▶ **Pictures with short captions**:
== Segment start ==
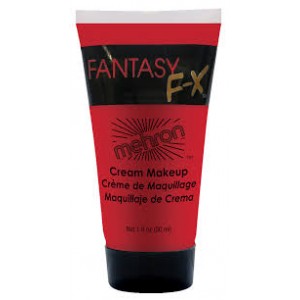 Red Fantasy FX cream make up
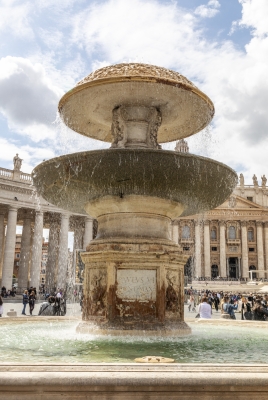 Vatican City April 2024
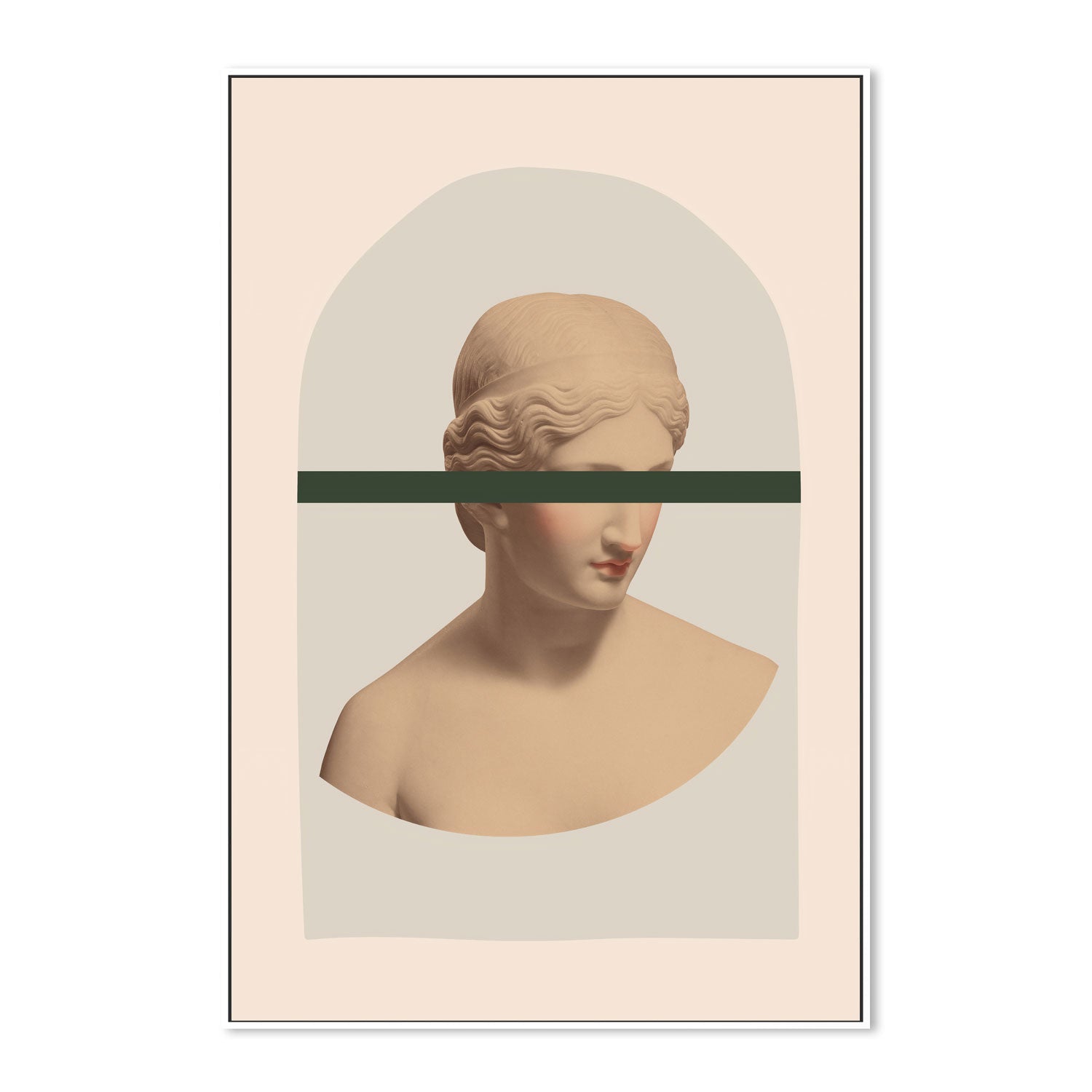 wall-art-print-canvas-poster-framed-Artemisarch Ratioiso , By Pictufy-5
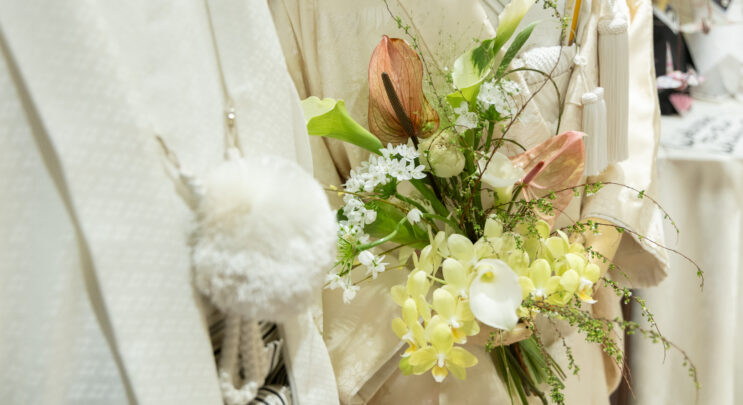 ミッシェルブライダルフェスタ – ローザ –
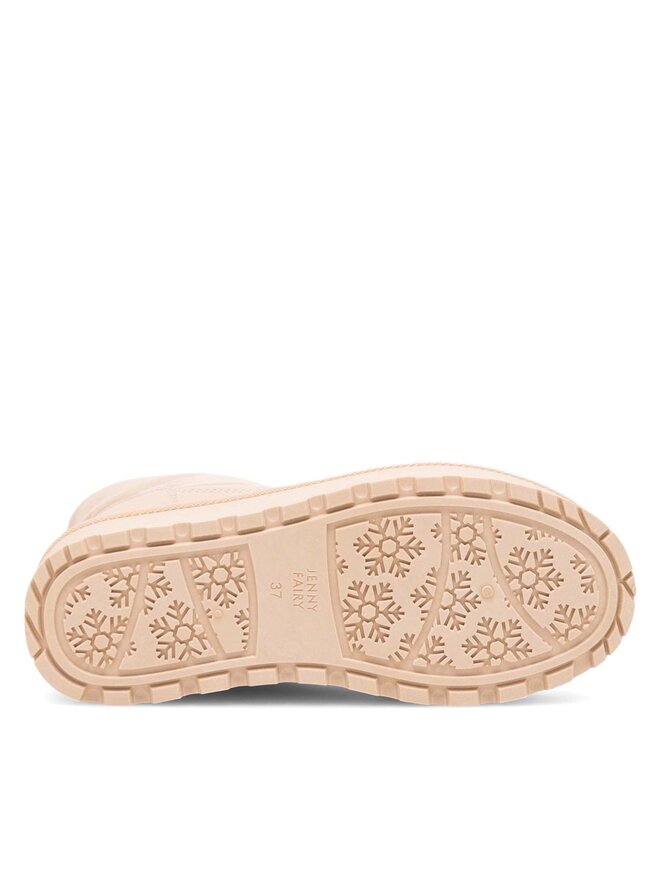 Jenny Fairy Schneeschuhe Jenny Fairy Amy NS070301-01 Beige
== Segment end ==
▶ **TASK INSTRUCTIONS**:
What is needed is an exact repetition of every entry, without the pictures.

▶ **TASK SOLUTION**:
 Red Fantasy FX cream make up
 Vatican City April 2024
 wall-art-print-canvas-poster-framed-Artemisarch Ratioiso , By Pictufy-5
 ミッシェルブライダルフェスタ – ローザ –
 Jenny Fairy Schneeschuhe Jenny Fairy Amy NS070301-01 Beige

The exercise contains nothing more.